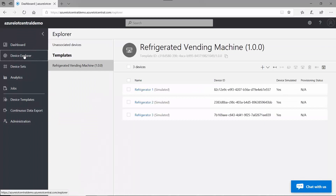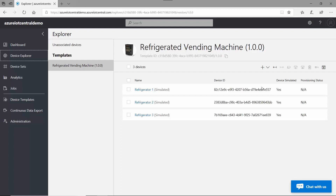And then under Devices Explorer here, you can see all the devices that you're connected to. Currently we have simulated devices, which is how I was able to create KPIs for my dashboard.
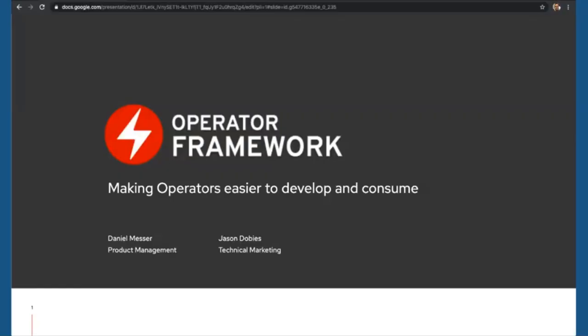Hi, and welcome to this State of the Operator Framework Update Talk. My name is Daniel Messer. I'm a Product Manager at Red Hat working on the Operator Framework Open Source Project. With me today is Jason Dobies. Hey, Jason. Hey, Daniel. My name is Jason Dobies. I'm a Developer Advocate at Red Hat working on OpenShift. The two of us are going to walk you through the current state of the Operator and Operator Framework.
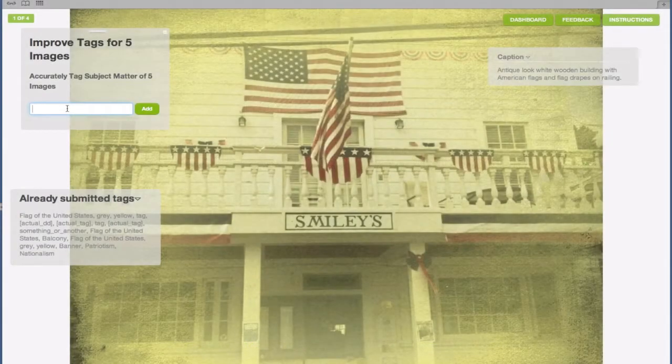The key to success with our tasks, in general, is to imagine yourself searching for an image online. Would you expect to find an image in your search results if you searched for it based on the tags you've entered?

--------------------

◆ TRY IT:
With the pictures removed, output the listing above exactly.

◆ ANSWER SPACE:
And then under Devices Explorer here, you can see all the devices that you're connected to. Currently we have simulated devices, which is how I was able to create KPIs for my dashboard.
Hi, and welcome to this State of the Operator Framework Update Talk. My name is Daniel Messer. I'm a Product Manager at Red Hat working on the Operator Framework Open Source Project. With me today is Jason Dobies. Hey, Jason. Hey, Daniel. My name is Jason Dobies. I'm a Developer Advocate at Red Hat working on OpenShift. The two of us are going to walk you through the current state of the Operator and Operator Framework.
The key to success with our tasks, in general, is to imagine yourself searching for an image online. Would you expect to find an image in your search results if you searched for it based on the tags you've entered?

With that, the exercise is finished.